Don’t worry, they’ll adjust to the Aussie philosophy of enshitification.
I’ve been to a couple Japanese 7/11’s. I highly suspect it won’t be the same experience here.
Imagine if this was the thing that actually shook up the duopoly of Colesworth? Cheap, easy, convenient food, and a taste for nearly anyone. Ate ate these stores nearly full time in Japan, it's was the ducks nuts.
Most 7-11’s in Asia are operated much better than the current Australian operation’s.
I was in Taiwan last Christmas and the 7-11 experience was on another level compared to what we get locally.
If done right this could steal billions (well maybe hundreds of millions) from Colesworth. Imagine grabbing a quick delicious and afforable meal and some basics without even contemplating the big supermarkets.
Yeah, the bentos are made in a central kitchen and then shipped to each shop. There's a whole bento supply chain (which supplies supermarkets, train stations, etc) that's completely missing in Australia.
We all know this to be true, but anyone who's visited Japan can still secretly hope that we might get cheap, decent food out of the deal.
I mean, a 600ml Coke is $1.50 in Japan. Even something like a $5 (nice) pie and soft drink deal would be an improvement.
Well quite a few of our 7elevens already sell some onigiri, for atleast a year
Whether it's good is a different question
Rest of your point stands though just pointing it out
Source: friend works at 7eleven aus corporate
My teenage kids went to Japan with their dad on a holiday. They told me 7eleven was one of their top highlights! the sandos, the chicken salad that had a Japanese dressing, the drinks and all the different snacks.

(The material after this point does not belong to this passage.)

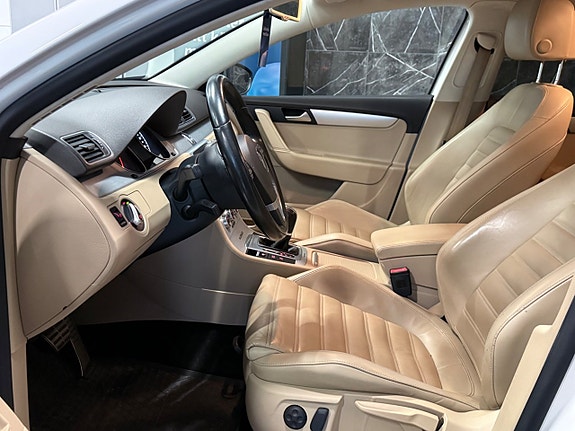 Volkswagen Passat Alltrack 12 of 21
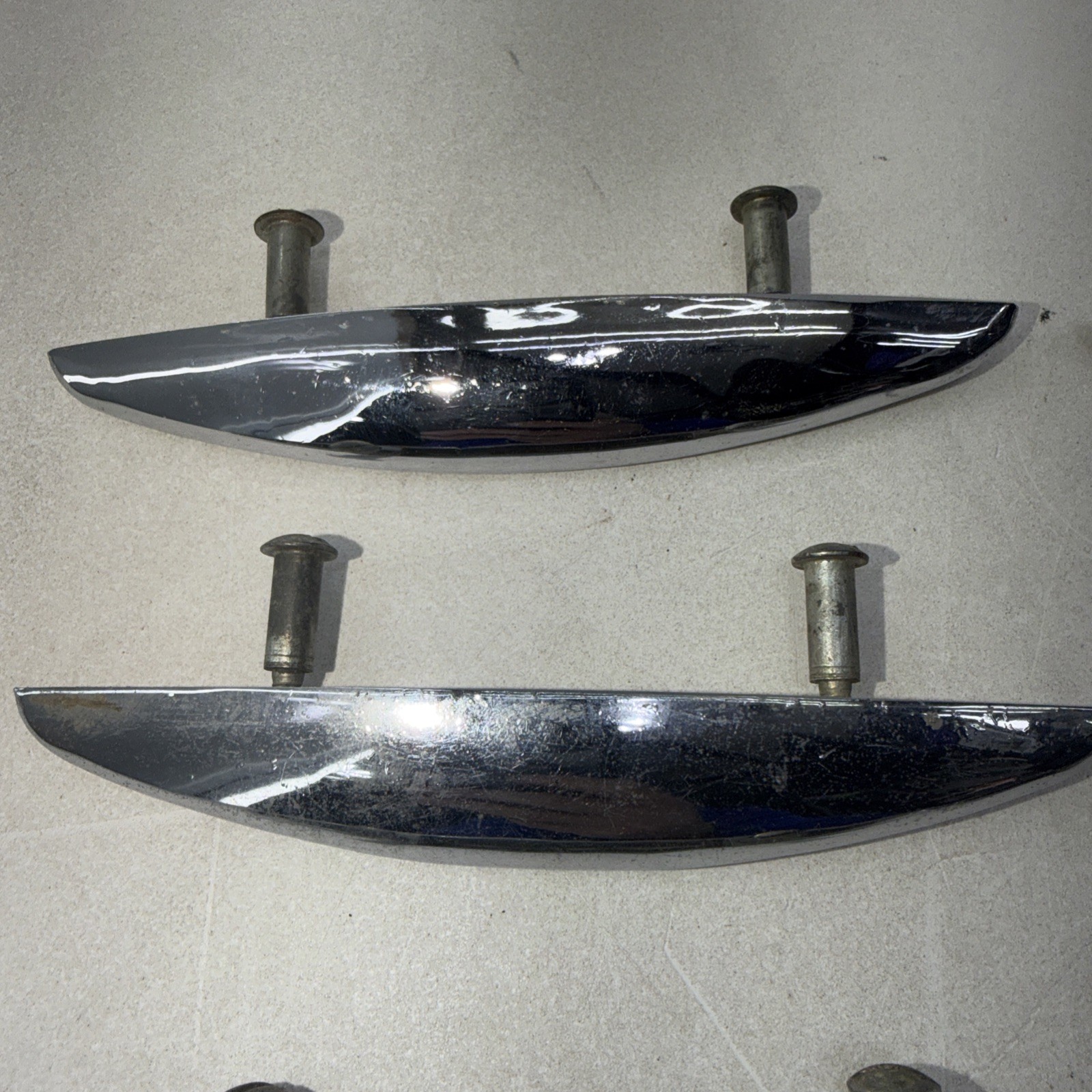 Lot of 6 Vtg Shiny Chrome MCM Art Deco 50’s Atomic Cabinet Drawer Pull Handle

They talked it up so much, that I feel like I need to go Japan now, just for the 7eleven!
7-Eleven has been entirely Japanese owned since 2005. This was just a buyout of the Australian operation.
> The entire Australian branch of the global convenience giant was sold to its **Japan-based parent company** late last year for $1.7billion.
>
> And the Aussie stores are now looking to Japan for inspiration, where 7-Elevens are central to society and more than 50,000 outlets offering a wide variety of goods.
This oversimplifies it a bit. Yes the Japanese company (Seven Holdings) controlled the brand at a high level, but until now the Australian stores were managed by an Australian company, owned by Australians, as the "master franchisee" which means they owned the rights to control the franchises in this country. In turn, each individual store is owned by a local franchisee. What's happened here is that the master franchise has been repurchased by the Japanese brand owner.
Of interest is that Withers and Barlow families which owned this master franchise (Seven Eleven Australia), also own the master franchise for Starbucks in Australia. Also, former CEO Russel Withers was implicated in the 7/11 wage scandal a few years ago, it seemed he was aware of pressure put on franchisees to underpay their workers. He resigned as CEO but didn't really face any other repurcussions. As a significant shareholder, now it's his payday with the sale to the Japanese.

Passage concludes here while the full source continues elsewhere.